Where the material below has a line containing "May include: Three", start repeating exactly, and keep going through the line containing "Alpinestars GP Force", with no other lines.

:: SOURCE DATA ::
- Opening Delimiter -

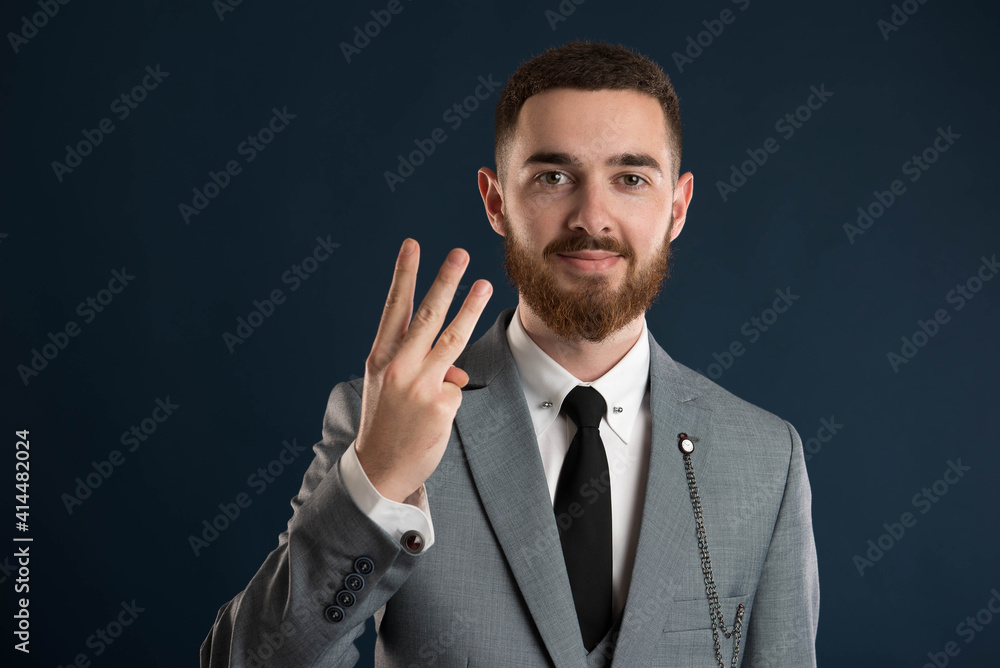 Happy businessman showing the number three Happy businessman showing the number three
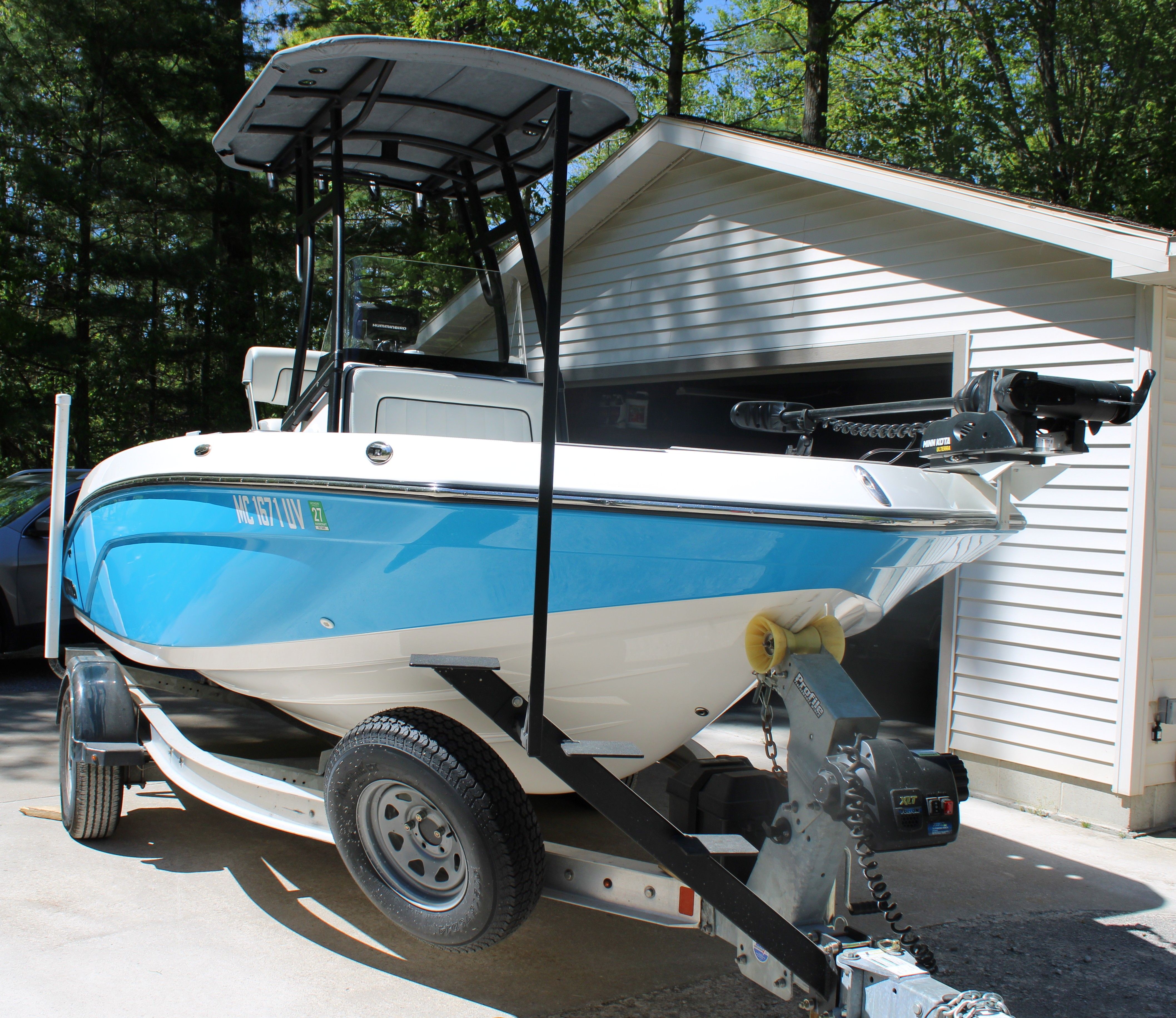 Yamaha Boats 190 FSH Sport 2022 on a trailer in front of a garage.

- Closing Delimiter -
- Opening Delimiter -

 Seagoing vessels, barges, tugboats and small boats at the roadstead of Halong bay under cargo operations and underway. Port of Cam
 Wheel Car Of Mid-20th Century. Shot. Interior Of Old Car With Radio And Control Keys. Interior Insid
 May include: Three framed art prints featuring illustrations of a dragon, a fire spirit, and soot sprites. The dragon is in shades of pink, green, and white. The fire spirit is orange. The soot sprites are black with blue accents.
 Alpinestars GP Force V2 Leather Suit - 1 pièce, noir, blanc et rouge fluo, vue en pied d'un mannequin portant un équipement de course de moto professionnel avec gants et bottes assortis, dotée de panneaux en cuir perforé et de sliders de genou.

- Closing Delimiter -

:: RESULT FOR THIS TASK ::
 May include: Three framed art prints featuring illustrations of a dragon, a fire spirit, and soot sprites. The dragon is in shades of pink, green, and white. The fire spirit is orange. The soot sprites are black with blue accents.
 Alpinestars GP Force V2 Leather Suit - 1 pièce, noir, blanc et rouge fluo, vue en pied d'un mannequin portant un équipement de course de moto professionnel avec gants et bottes assortis, dotée de panneaux en cuir perforé et de sliders de genou.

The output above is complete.